**Aim of the task**
The finished copy should match every record exactly and contain no pictures.

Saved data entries

▬▬▬▬▬▬▬▬▬▬

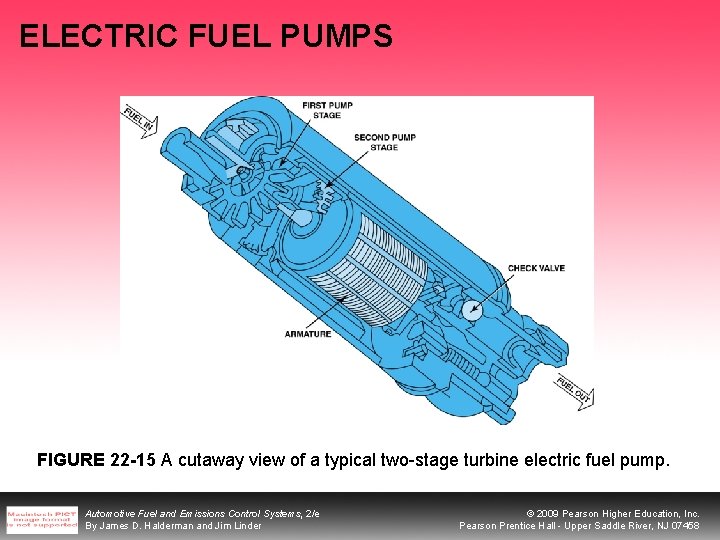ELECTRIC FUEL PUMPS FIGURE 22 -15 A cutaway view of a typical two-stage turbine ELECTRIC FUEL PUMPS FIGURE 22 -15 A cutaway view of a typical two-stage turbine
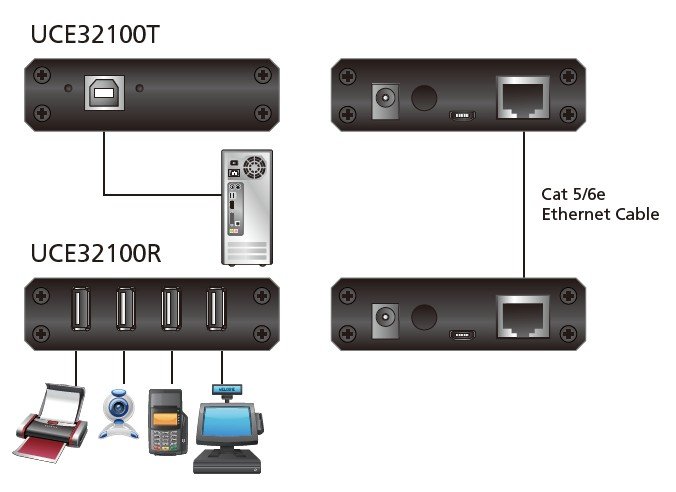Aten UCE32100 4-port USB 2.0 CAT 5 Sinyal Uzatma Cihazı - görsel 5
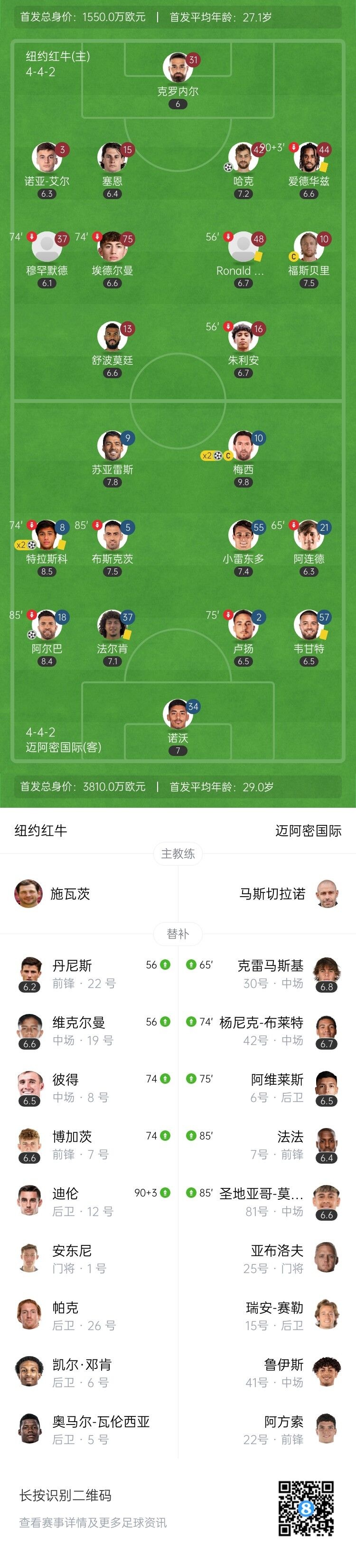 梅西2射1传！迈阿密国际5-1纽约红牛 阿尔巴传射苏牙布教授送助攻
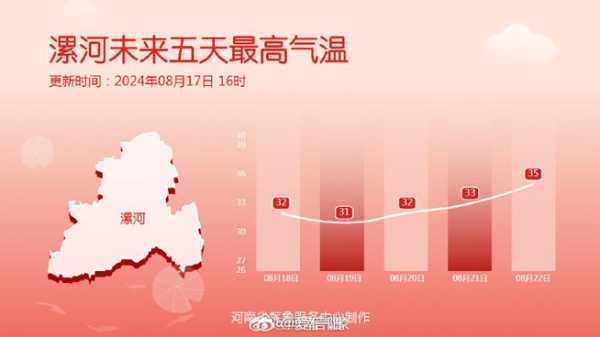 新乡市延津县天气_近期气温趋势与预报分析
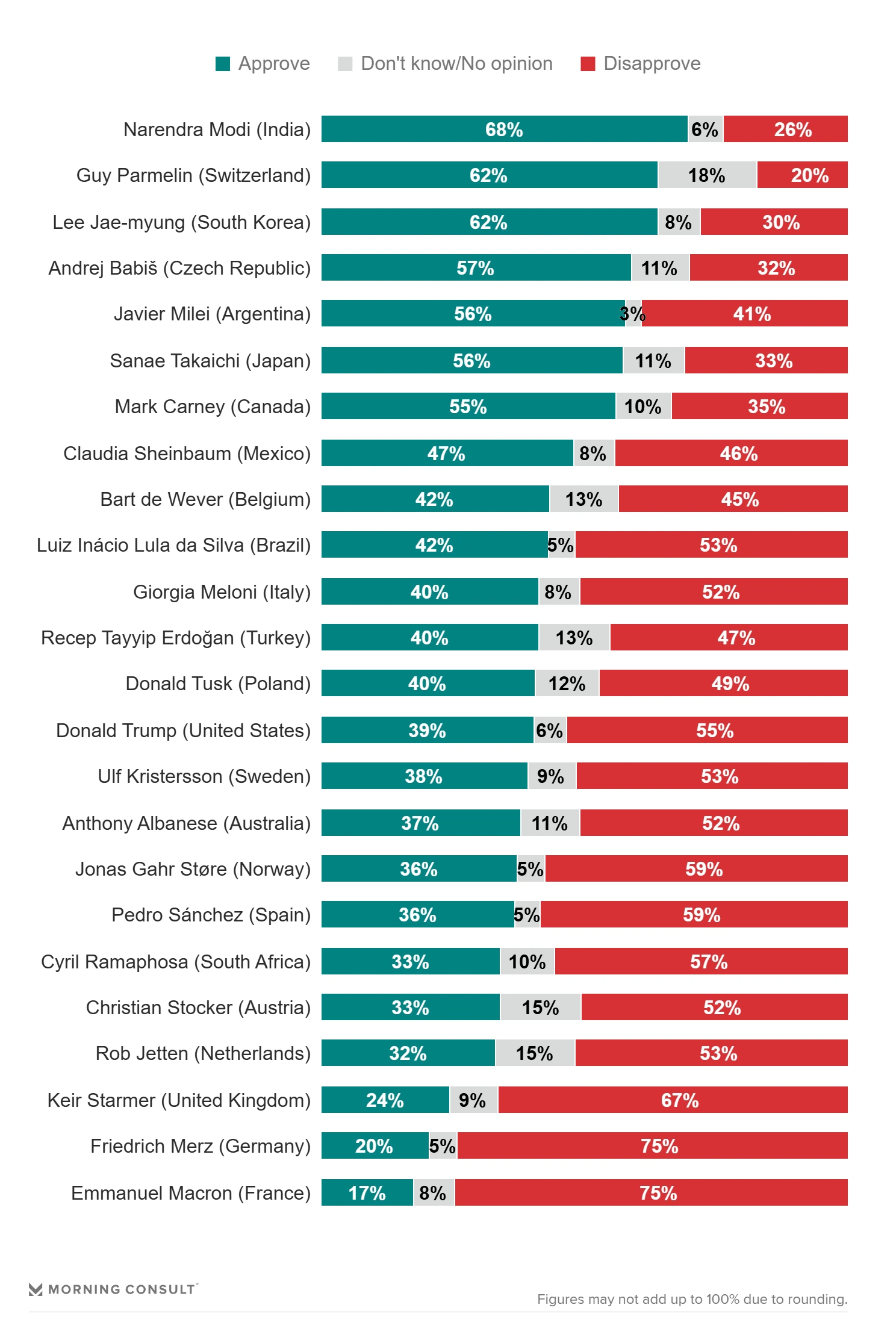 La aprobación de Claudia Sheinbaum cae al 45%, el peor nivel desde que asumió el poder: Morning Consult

▬▬▬▬▬▬▬▬▬▬

**Worked solution**
ELECTRIC FUEL PUMPS FIGURE 22 -15 A cutaway view of a typical two-stage turbine ELECTRIC FUEL PUMPS FIGURE 22 -15 A cutaway view of a typical two-stage turbine
Aten UCE32100 4-port USB 2.0 CAT 5 Sinyal Uzatma Cihazı - görsel 5
 梅西2射1传！迈阿密国际5-1纽约红牛 阿尔巴传射苏牙布教授送助攻
 新乡市延津县天气_近期气温趋势与预报分析
 La aprobación de Claudia Sheinbaum cae al 45%, el peor nivel desde que asumió el poder: Morning Consult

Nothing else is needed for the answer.